Source data —

◇ ◇ ◇ ◇

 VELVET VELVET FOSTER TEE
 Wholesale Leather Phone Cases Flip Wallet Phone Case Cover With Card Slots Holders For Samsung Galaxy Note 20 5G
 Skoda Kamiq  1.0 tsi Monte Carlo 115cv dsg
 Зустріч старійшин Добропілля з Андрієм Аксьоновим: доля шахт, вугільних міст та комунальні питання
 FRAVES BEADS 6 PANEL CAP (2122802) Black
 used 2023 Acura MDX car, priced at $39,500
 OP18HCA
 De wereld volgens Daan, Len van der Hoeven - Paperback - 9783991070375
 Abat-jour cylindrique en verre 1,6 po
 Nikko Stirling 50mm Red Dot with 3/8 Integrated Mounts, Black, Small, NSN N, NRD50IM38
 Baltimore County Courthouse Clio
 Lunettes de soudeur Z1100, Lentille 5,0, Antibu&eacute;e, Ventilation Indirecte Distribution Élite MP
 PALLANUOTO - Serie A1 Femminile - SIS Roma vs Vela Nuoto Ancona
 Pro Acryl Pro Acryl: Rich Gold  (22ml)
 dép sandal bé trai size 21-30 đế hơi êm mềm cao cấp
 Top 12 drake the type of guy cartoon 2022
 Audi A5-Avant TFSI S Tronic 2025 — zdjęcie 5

◇ ◇ ◇ ◇

Problem — Working through the records above, copy each line in which "Black" is found.

Solution to this task —
 FRAVES BEADS 6 PANEL CAP (2122802) Black
 Nikko Stirling 50mm Red Dot with 3/8 Integrated Mounts, Black, Small, NSN N, NRD50IM38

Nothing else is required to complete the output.